As the global economy restarts, Cyprus and the United States must continue to place our shared values of transparency, accountability, appropriate risk management and zero tolerance for facilitating illicit financial flows at the forefront. The Council of Europe’s MONEYVAL mutual evaluation report in early 2020 gave the Republic of Cyprus well-deserved credit for its hard work in managing money laundering and terrorist finance risk. It also highlighted several areas for improvement, including an over-reliance on self-monitoring and reporting by the banking sector for anti-money laundering compliance, and risks from the Cyprus Investment Programme. The United States applauds the steps taken to address MONEYVAL’s concerns. However, as we all work together to ensure that the global economy restarts in the right way, there are other steps that we strongly urge the Republic of Cyprus to take as quickly as possible, such as passing and implementing long-stalled counter-corruption reforms, embracing the latest EU Directives on anti-money laundering, and publishing the ultimate beneficial owner registry.

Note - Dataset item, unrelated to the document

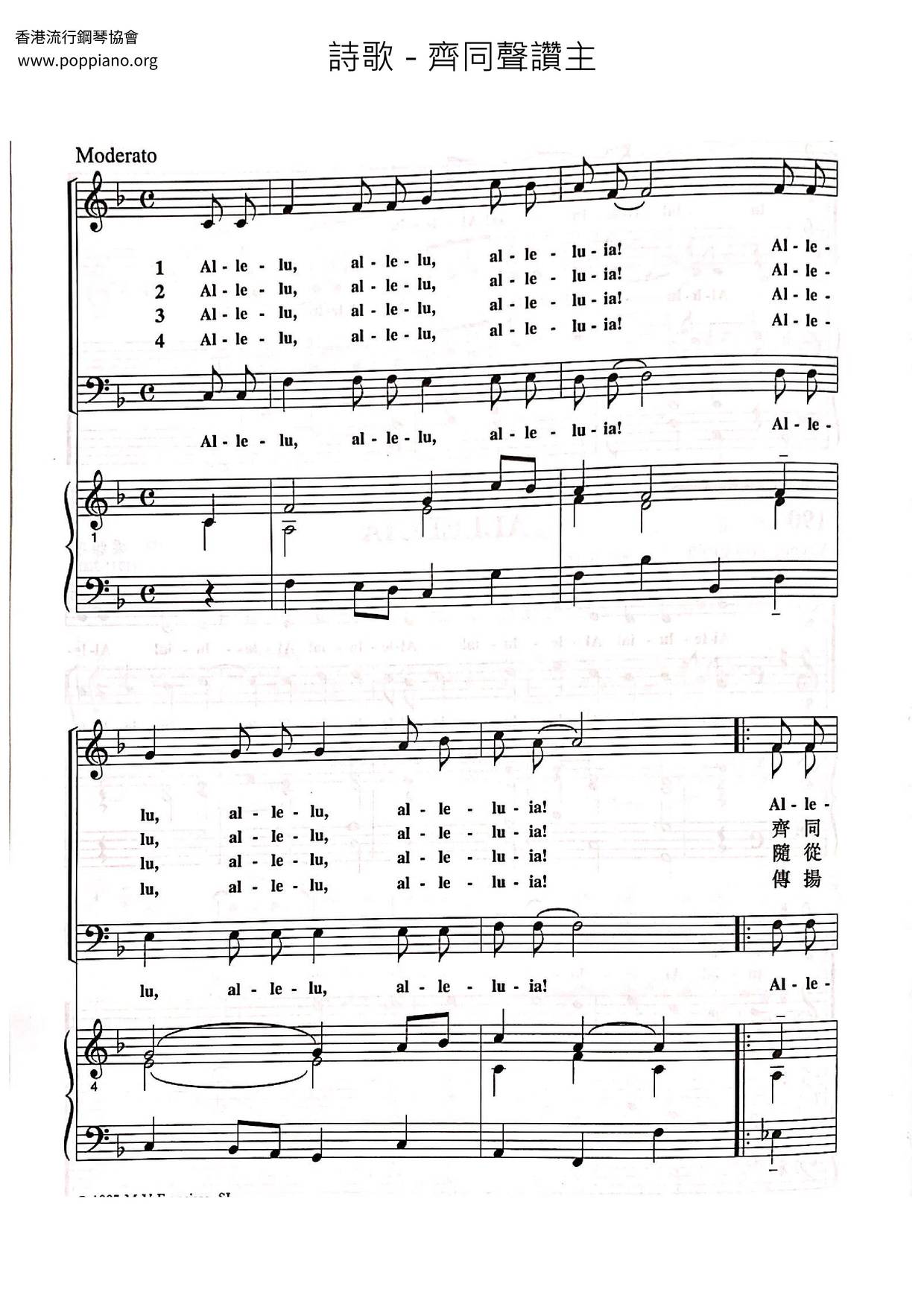 spiritual-praise-the-lord-in-unison-sheet-music-pdf-free-score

Kamala Harris this year became the first woman to serve as Vice President of the United States, and the Biden administration has chosen a record number of women for Cabinet and other high positions. Also, some of the most prominent women on the political scene are women of colour, for example Ms. Harris and Alexandria Ocasio-Cortez, the youngest woman ever to serve in the United States Congress. As a woman in politics, what significance do you place on these developments?

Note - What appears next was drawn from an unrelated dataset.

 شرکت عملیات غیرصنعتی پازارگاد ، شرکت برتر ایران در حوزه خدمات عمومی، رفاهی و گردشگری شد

The fact that we see more women, and more women of colour, in prominent roles in the United States highlights how we have made enormous progress in valuing all women’s contributions. But there is still more to do. This diversity makes us stronger. Secretary of State Antony Blinken has emphasised his commitment to expanding the number of women working in diplomacy, peace, and security. The United States was the first country in the world with a comprehensive law on Women, Peace, and Security, passed in 2017. This law requires that US strategy includes implementation plans for the State Department and other departments to increase women’s meaningful participation in decision-making processes, increase safety for women and girls and their access to government programmes, and improve and institutionalise women’s empowerment. I am excited by what has been achieved over the course of my career and optimistic about the future but I am also clear-eyed. Challenges remain.
What are your impressions of life in Cyprus? Have you had the opportunity to visit many of the island’s attractions? What are some of your favourite things about living and working here?
It is an honour and a privilege to serve as the United States Ambassador to Cyprus. While COVID-19 has made travel more difficult than I anticipated when I first arrived, I have nonetheless been able to see and enjoy so much of the magic of this island: spectacular beaches, beautiful mountain villages, vibrant cities, delicious food, and most of all, the warm hospitality of the Cypriot people.
What would you like your legacy to be when the time comes to leave diplomacy?
Over my career, I have had the privilege to serve in a variety of countries around the world. I’ve worked on diverse issues, from supporting nascent democracies and defending human rights to protecting the environment and promoting economic growth and prosperity for Americans and the citizens of the countries in which I’ve served. I have always striven to strengthen the Foreign Service as an institution and support the next generation of US diplomats, particularly women diplomats and those that work on what we call economic issues. I’m proud of what I’ve accomplished and I hope my legacy will be that I made a positive difference in partnership with others along the way.